Love my G23....and as SaltyDog stated, .40 S&W is easier to come by than 10mm and cheaper too. Why not go for the 23 in .40, that way you can shoot 10mm when you want and .40 when you want. Variety is the spice of life as they say...


----------



## Pops 1 (Sep 23, 2007)

I carry a G23 daily.


----------



## jeffreybehr (Feb 10, 2009)

I bought a new m.35 and a used m.23 this spring; the former was the 1st pistol I'd ever owned. I LOVE the 35 and shoot it well (for me--pistol shooting is definitely a _learned_ skill), while the 23 I never quite fell in love with...until I tweaked it a little. I enlarged slightly the space into the trigger guard--see http://www.handgunforum.net/showthread.php?t=21614 --and bought some Pierce magazine extenders, NOT the type that increase capacity.










The 23 shoots quite well for me now, and it's my carrygun again, in a Tommy's gunpack. http://www.tommysgunpack.com/ProductDetails.asp?ProductCode=1

I'm now reloading ammo again and can reload practice stuff for $8/50. I use premium-quality Hornady XTP bullets in PD loads and put that together for about a fifth of new cost.

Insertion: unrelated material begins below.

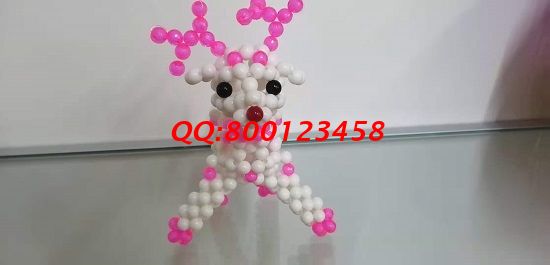 8月17日，找正規(guī)可靠的手工活加工項目，手工之家的手工活代理加工項目造福了很多人，圖為勵志珠珠繡串珠小飾品實拍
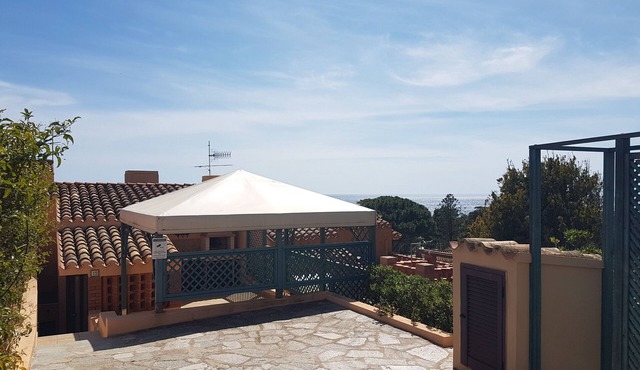 Apartment in a residential complex 5 minutes from Campulongu Beach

I think the 40S&W caliber is the ideal compromise between high capacity and stopping power.

*Buy the 23. *


----------



## hi im drummer03 (Oct 27, 2008)

As stated above. Go with the 23.Ammo is not a bargain either but alot less and easier to find than 10mm.\

You can find Federal Target rounds at Walmart for 13.49 for 50 rounds of .40


----------